Solved: Need urgent solution:Backup failed with 24 - Page 2

2013 · ‎06-25-2014

Hello Team,

NBU Master Server: 7.5.0.7

Client 7.5.07/ Client Name :test.123

Policy :policy.xxx

I have gone through all Tech Notes and found 2 mount points is creating issue and for that i have enabled logging to 5 and also created touch file bpbkar_path_tr and fired backup.It fails with 24.

Can someone please check the logs and suggest what needs to be excluded.So far there is no exclusion list.I have ached bpbkar logs and it seems there is some issue.Please can someone check...

2013 · ‎06-27-2014

Media Server:

Client connect timeout :9600
Client read Timeout :9600

-------------------------------------------------------------------------------------

Client :

Client read timeout :9600

2013 · ‎06-27-2014

Media Server:

Client connect timeout :9600
Client read Timeout :9600

-------------------------------------------------------------------------------------

Client :Client read timeout :9600

Marianne · ‎06-27-2014

The above settings proof that the issue is not with any NBU timeout settings.

You need to work with OS and Firewall admins to find out where this 15 minute timeout is happening.

As per Martin's excellent post:

"NBU is the casualty in this issue, not the cause."

PS: Those timeouts are way too big and can cause backups to appear to be hanging for almost 3 hours before NBU timeout will kick in.

There should be no reason for timeouts larger than 1800.

Handy NetBackup Links

mph999 · ‎06-27-2014

The problem is, these are tuning settings, what works for one environment, may not work for another - hence why we can't really provide a document, beacuse it is unique to your enmvironment.

The last 'case' I had that was along these lines, these are the settings that was found to work:

net.ipv4.tcp_max_orphans= 400000

net.core.netdev_max_backlog= 250000
net.ipv4.tcp_keepalive_time= 900
net.ipv4.tcp_keepalive_intvl= 30
net.ipv4.tcp_max_syn_backlog= 16384
net.ipv4.tcp_synack_retries= 1

However, the system these were applied to was 'probably' totally different from your environment, so you can see why I am reluctent to start dishing out values, and recommend you to work with the network/ OS admins.

2013 · ‎06-27-2014

Strange thing is i initiated Diff Backup which completed successfully after 4 attempts but Full Back fails after 15min...

1 attempt took 15 min

2 attempt took 15 min

3 attempt took 15 min

4 attempt took 1hrs and backup completed.

mph999 · ‎06-27-2014

Smaller amount of data - less network traffic/ less load on network I suspect.

2013 · ‎06-29-2014

Can you guys please suggest me what parameters needs to be checked from OS and Networking side.Customer is saying other systems are working with the same configurations.So now need to be very specific what needs to be checked...The System is Linux Box.

Marianne · ‎06-30-2014

We cannot say as the error is not caused by NBU.

Your customer needs to understand:

NBU is the casualty.
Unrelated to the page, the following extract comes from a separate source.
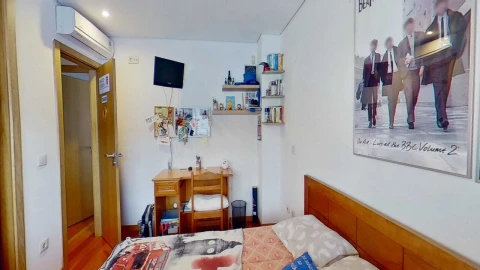Moradia T4 para Venda em Mafamude e Vilar do Paraíso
Not the cause.

Your customer will have to investigate to see 'what is different' on this Linux box.

A couple of years ago we had a similar situation where backups kept on failing for certain Linux clients - especially over weekends when large, full backups were running.
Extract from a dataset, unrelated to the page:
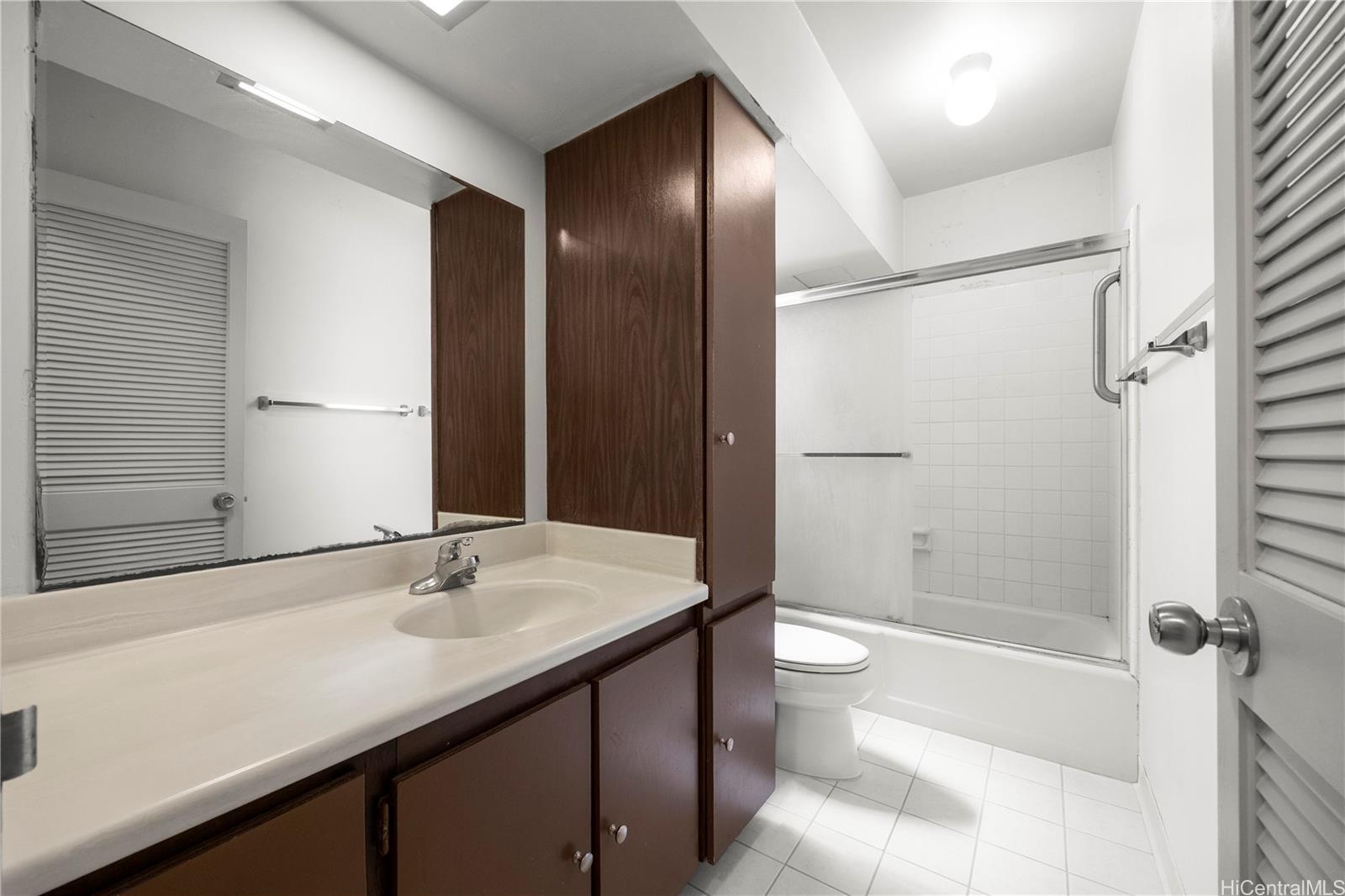 Anga-Roa condo # 703, Honolulu, Hawaii - photo 18 of 25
All troubleshooting from NBU point of view did not reveal anything and no co-operation from OS team.
We simply VPN'ed in over a weekend and resumed the backup every time we saw status 24 (with checkpoint restart we got a bit further each time...)

At some point, these problematic Linux clients got replaced with new hardware and obviously newer OS version.
Status 24's magically disappeared.

Handy NetBackup Links

2013 · ‎06-30-2014

Ok Thanks for the update.But i checked with the customer and as per them nothing changed on OS side.Anyways Thanks All for the help.

mph999 · ‎07-01-2014

Do you have a support agreement with Symantec.

If so, log a call and ask to run Appcritical between the Media server and the client, and then between the client and the media server (it only goes in one direction, hence why run twice).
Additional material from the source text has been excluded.